How Student Loan Debt Impacts Financial Milestones

According to the College Board, 55% of bachelor’s degree recipients from public and private nonprofit four-year colleges and universities graduating in 2019–20 had student loans. Those with student loans might be putting off important financial and life milestones, due to the fact that they must also grapple with their educational debt.

Earlier this year, CNBC released the results of a poll indicating that 81% of respondents had delayed financial milestones due to their student loan debt. Some of the milestones that respondents said they weren't reaching include:

  • Investing money (40%)
  • Saving for retirement (38%)
  • Buying a home (33%)
  • Having a baby (16%)
  • Getting married (14%)

According to a poll conducted by Morning Consult, two-thirds of surveyed federal student loan borrowers said they have had trouble affording their payments. Additionally, 59% of this same group reported they may be unable to afford their student loan payments when the current moratorium on federal student debt payments ends.

Other data also points to the fact that student loans are impacting the housing market. According to research published by the Federal Reserve, each 10% increase in student loan debt from 1997 to 2010 resulted in a 1–2 percentage point drop in the homeownership rate for borrowers within the first five years after leaving school.

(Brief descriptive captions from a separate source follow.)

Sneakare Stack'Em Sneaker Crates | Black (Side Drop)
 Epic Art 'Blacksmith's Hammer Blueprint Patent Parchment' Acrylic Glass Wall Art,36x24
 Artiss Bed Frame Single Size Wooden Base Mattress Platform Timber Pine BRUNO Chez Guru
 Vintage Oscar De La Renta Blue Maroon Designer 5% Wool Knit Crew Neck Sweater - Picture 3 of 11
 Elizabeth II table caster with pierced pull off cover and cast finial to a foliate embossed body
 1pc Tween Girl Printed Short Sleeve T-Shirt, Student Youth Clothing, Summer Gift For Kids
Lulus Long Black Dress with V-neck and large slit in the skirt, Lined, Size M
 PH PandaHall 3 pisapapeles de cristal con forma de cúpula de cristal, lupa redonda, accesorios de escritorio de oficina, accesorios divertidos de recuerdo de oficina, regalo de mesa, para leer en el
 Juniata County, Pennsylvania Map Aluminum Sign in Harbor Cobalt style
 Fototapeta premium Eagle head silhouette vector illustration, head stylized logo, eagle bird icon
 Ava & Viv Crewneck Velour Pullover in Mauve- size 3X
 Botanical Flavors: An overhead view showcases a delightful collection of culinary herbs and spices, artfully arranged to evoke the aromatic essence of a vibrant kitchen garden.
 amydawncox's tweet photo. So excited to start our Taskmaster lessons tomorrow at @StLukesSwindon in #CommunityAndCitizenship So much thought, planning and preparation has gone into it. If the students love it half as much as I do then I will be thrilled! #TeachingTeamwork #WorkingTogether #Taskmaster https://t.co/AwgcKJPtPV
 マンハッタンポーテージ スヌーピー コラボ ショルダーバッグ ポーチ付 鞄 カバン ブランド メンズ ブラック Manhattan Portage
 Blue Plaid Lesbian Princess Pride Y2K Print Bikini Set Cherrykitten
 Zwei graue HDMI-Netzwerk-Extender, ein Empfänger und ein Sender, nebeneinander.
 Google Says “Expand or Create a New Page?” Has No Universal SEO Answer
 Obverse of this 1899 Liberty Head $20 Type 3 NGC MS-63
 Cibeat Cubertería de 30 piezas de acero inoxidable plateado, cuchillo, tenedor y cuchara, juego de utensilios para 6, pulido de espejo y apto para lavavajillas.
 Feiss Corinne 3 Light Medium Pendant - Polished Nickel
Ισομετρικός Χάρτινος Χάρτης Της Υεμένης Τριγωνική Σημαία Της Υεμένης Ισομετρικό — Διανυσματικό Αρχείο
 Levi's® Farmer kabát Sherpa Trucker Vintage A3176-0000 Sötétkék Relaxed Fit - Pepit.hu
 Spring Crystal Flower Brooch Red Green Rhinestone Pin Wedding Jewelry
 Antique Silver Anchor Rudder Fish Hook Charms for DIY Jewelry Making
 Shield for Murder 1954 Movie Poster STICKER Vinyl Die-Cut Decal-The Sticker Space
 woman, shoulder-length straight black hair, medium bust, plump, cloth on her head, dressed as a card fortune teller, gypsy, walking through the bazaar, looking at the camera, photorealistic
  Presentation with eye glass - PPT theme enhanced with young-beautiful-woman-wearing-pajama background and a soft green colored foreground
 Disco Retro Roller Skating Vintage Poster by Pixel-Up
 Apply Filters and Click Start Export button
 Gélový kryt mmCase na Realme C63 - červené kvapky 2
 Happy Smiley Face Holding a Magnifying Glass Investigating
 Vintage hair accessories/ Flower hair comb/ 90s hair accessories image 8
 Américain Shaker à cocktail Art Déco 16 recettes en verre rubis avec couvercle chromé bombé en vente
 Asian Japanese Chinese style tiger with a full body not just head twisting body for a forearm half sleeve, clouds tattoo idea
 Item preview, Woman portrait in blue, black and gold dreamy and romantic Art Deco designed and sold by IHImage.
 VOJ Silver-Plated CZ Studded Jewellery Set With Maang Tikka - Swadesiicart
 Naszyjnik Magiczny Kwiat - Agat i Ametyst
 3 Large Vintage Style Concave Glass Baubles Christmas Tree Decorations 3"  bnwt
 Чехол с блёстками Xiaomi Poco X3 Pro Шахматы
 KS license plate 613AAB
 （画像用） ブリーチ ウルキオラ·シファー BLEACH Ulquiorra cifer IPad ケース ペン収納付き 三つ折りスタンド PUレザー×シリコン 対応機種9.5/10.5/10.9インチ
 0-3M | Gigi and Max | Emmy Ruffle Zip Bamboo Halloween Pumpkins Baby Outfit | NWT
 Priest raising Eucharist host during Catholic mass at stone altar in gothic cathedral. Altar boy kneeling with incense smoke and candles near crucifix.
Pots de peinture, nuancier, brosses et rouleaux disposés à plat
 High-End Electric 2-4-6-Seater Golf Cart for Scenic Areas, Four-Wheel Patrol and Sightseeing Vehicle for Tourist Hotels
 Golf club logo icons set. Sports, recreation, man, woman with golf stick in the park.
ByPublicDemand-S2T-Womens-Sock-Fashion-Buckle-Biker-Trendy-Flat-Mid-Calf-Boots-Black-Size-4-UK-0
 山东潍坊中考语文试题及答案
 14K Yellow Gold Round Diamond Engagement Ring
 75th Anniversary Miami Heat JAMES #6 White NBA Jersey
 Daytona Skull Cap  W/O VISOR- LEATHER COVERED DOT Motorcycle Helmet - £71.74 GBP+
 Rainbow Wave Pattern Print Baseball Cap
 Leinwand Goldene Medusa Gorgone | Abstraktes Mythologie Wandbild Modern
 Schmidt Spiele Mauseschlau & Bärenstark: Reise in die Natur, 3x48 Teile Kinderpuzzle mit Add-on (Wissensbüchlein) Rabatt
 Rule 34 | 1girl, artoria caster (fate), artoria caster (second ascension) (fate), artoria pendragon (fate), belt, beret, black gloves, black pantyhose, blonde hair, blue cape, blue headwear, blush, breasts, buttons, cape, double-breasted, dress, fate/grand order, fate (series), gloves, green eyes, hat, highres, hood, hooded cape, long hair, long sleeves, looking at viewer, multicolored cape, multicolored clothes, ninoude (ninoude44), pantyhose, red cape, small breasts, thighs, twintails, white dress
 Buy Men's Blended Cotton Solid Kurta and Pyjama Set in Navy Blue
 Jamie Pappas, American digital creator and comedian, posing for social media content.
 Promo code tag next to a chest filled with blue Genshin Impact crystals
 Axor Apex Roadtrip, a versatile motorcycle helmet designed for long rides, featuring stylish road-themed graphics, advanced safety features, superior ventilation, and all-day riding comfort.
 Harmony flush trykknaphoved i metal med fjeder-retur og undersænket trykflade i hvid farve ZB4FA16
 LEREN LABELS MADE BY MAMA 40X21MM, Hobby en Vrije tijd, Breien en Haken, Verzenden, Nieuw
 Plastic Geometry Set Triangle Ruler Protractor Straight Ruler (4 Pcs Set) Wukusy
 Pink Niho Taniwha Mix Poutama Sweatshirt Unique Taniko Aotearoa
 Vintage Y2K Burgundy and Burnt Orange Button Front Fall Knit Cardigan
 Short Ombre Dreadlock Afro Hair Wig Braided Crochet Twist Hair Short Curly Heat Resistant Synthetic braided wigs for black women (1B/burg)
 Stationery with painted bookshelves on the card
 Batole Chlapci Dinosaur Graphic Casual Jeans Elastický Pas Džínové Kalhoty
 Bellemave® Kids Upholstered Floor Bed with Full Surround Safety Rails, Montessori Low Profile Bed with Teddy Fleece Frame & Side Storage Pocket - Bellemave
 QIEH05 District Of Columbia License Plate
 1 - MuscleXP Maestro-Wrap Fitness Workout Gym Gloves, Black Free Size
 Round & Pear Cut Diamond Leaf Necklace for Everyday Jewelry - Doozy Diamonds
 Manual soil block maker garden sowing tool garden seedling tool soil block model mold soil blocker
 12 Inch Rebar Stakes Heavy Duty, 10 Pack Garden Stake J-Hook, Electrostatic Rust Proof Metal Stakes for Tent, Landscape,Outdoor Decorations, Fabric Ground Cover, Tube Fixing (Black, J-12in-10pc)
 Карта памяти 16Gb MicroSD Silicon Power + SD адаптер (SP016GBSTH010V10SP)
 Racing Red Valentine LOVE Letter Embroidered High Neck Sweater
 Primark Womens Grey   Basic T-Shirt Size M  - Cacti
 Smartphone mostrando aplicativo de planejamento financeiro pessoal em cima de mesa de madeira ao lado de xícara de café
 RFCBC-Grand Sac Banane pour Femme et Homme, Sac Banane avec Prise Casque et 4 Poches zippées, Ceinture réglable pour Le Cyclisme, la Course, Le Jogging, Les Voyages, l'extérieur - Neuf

The financial future of student loan borrowers is also often less certain than those who didn't borrow. Using data from the National Longitudinal Survey of Youth 1997 Cohort, the Center for Retirement Research at Boston College found that those with student loans had approximately half as much in retirement assets as those who graduated without student loan debt.

Is Student Loan Debt Worth It?

After considering how student loan debt can impact a borrower's life, it's not surprising the CNBC poll found that 54% of adults with student loans said they weren't worth the cost.

The impact was even more profound for borrowers earning less money. Among those making less than $50,000 annually, 61% of respondents said their student debt wasn't worth it. In groups that made more money, however, student loans were more likely to be considered worth the cost. For example, 54% of borrowers who made $50,000 to $99,999 annually said student loans weren't worth it, whereas 59% of borrowers who made more than $100,000 did consider their student loans worth taking on student debt.

Less Debt Means More Options

Ultimately, the ability to complete school with less student loan debt grants borrowers more options. Data from the United States Census Bureau indicates that there remain racial and gender gaps among those who have student loan debt. One of the reasons President Biden gave for his student loan forgiveness plan (which is currently suspended) is that it could potentially unlock the economic potential of millions of borrowers.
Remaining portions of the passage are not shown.